OUTRAS INFORMAÇÕES IMPORTANTES:

1 – O Marechal Rondon nunca realizou expedição à região da Serra do Caburaí em 1931. Esteve sim em Roraima unicamente no período de outubro a dezembro de 1927, não demarcando a fronteira, mas sim inspecionando as fronteiras, tendo explorado o Monte Roraima e nunca o Monte Caburaí.

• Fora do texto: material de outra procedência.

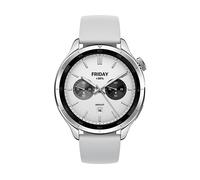 Xiaomi Watch S4 Silver - 1.43" AMOLED, 2200 Nits, 15 Tage Akku, 5ATM Wasserfest, Herzfrequenz & SPO₂-Sensor, Bluetooth 5.3, Aluminiumgehäuse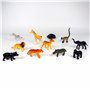 Cubitube - Animaux Sauvages de Deluxebase. 11 pièces de Petites Figurines d'animaux de Safari. Tube de Rangement en Plastique ré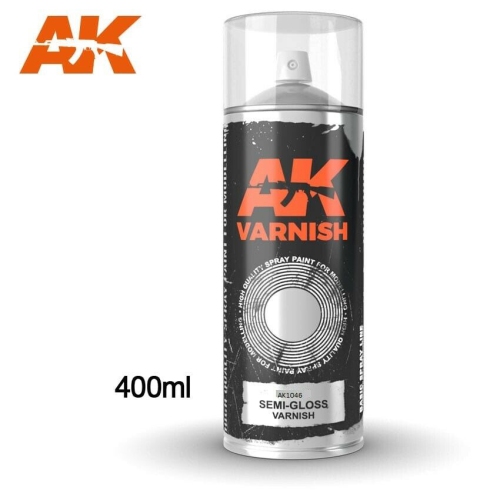 AK Interactive Semi-Gloss Varnish Spray 400ML - New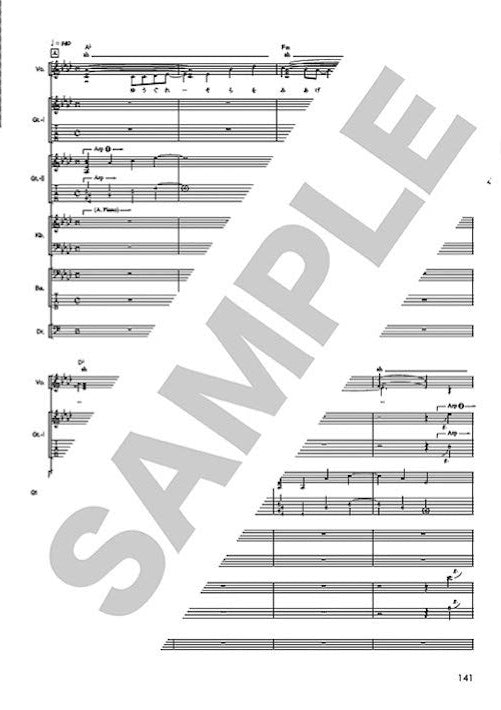 BanG Dream!(Anime) Official Band Score Poppin'Party Vol.3 - Sheet Music Book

2 – Quem realmente determinou o ponto extremo norte do Brasil foi o Capitão de mar e guerra Braz Dias de Aguiar em 8 de dezembro de 1931 em expedição da Comissão Mista Demarcadora de Fronteiras Brasil e na época Guiana Inglesa, hoje República Cooperativa da Guiana (em inglês: Cooperative Republic of Guyana).

3 – As escolas sempre mostraram em seus livros que a Serra do Caburaí como ponto extremo Norte do Brasil, desde a década de 40. Eu estudei na década de 50 com esta informação.

4 – A expedição de 1998 foi um fracasso já que não encontrou o marco  B/BG-11A original e induziu a sua reimplantação no Monte Caburaí, que não é o divisor de águas do Brasil com a Guyana. Tudo isto por causa da não aferição dos equipamentos GPS para o datum da época de Braz Dias de Aguiar, que tinha realizado as medições com alta precisão astronômica. Para completar, em outubro de 2013, um pequeno grupo de excursionistas do Sul do País, sem muitos recursos  juntamente com indígenas da etnia  ingarikó conseguiram localizar o marco em perfeitas condições. Estes sim mereceriam a condecoração Orgulho de Roraima, distribuído aos “expedicionários” de 1998.